**Assignment**. For this exercise, copy exactly only the lines from the one containing "Appartamento Terrazza Cavour" to the final line of the material below, without the pictures.
*** Opening Information supplied ***
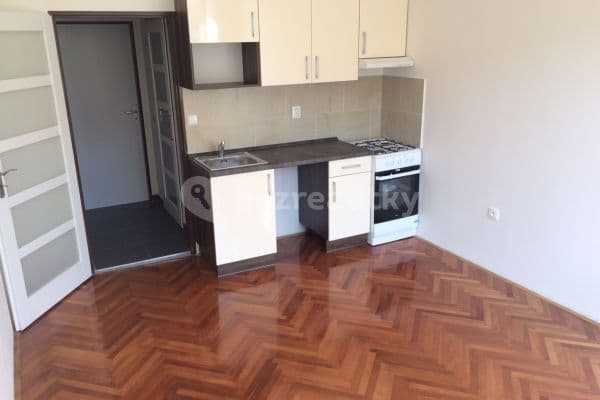 Studio flat to rent, 22 m², Macanova, Pardubice Studio flat to rent, 22 m², Macanova, Pardubice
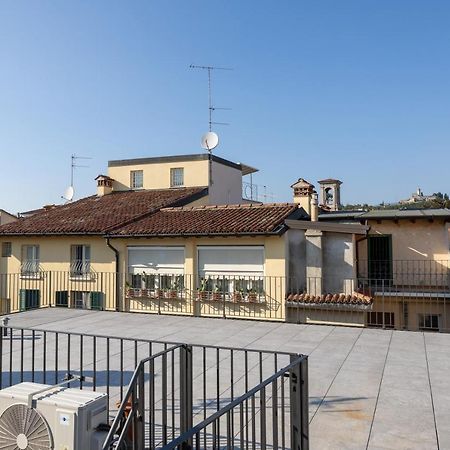 Appartamento Terrazza Cavour Brescia Bagian luar foto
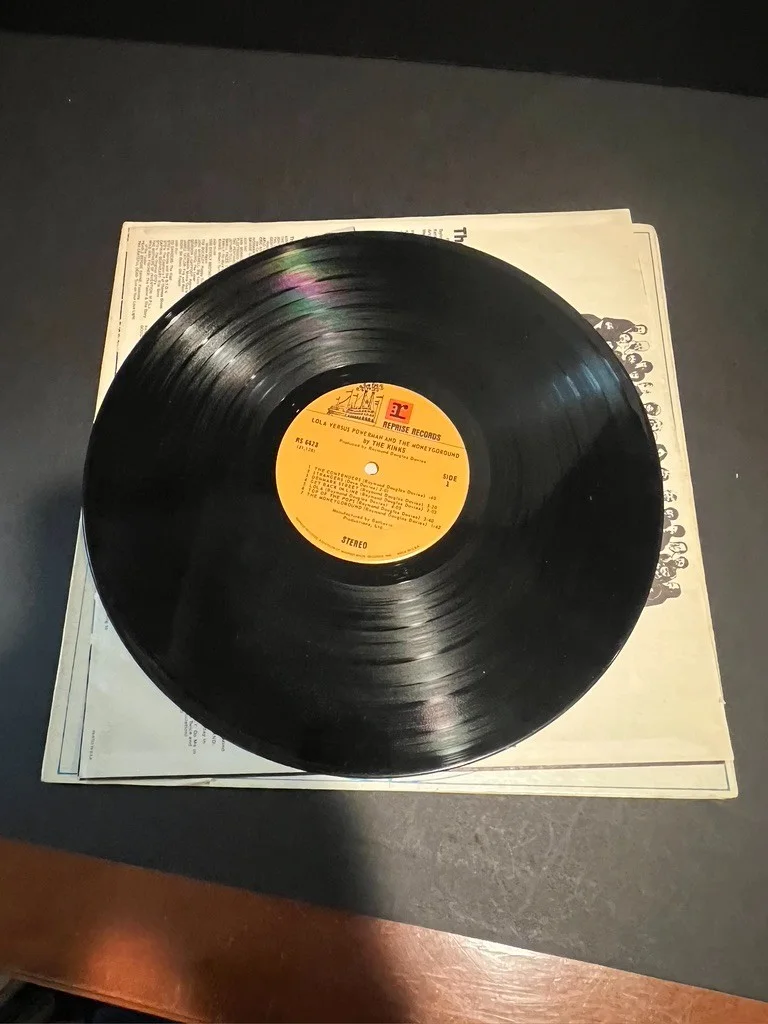 DAVE DAVIES Hand Signed THE KINKS PART ONE LOLA VERSUS POWERMAN LP, image 4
*** Closing Information supplied ***
**Your response**.
 Appartamento Terrazza Cavour Brescia Bagian luar foto
 DAVE DAVIES Hand Signed THE KINKS PART ONE LOLA VERSUS POWERMAN LP, image 4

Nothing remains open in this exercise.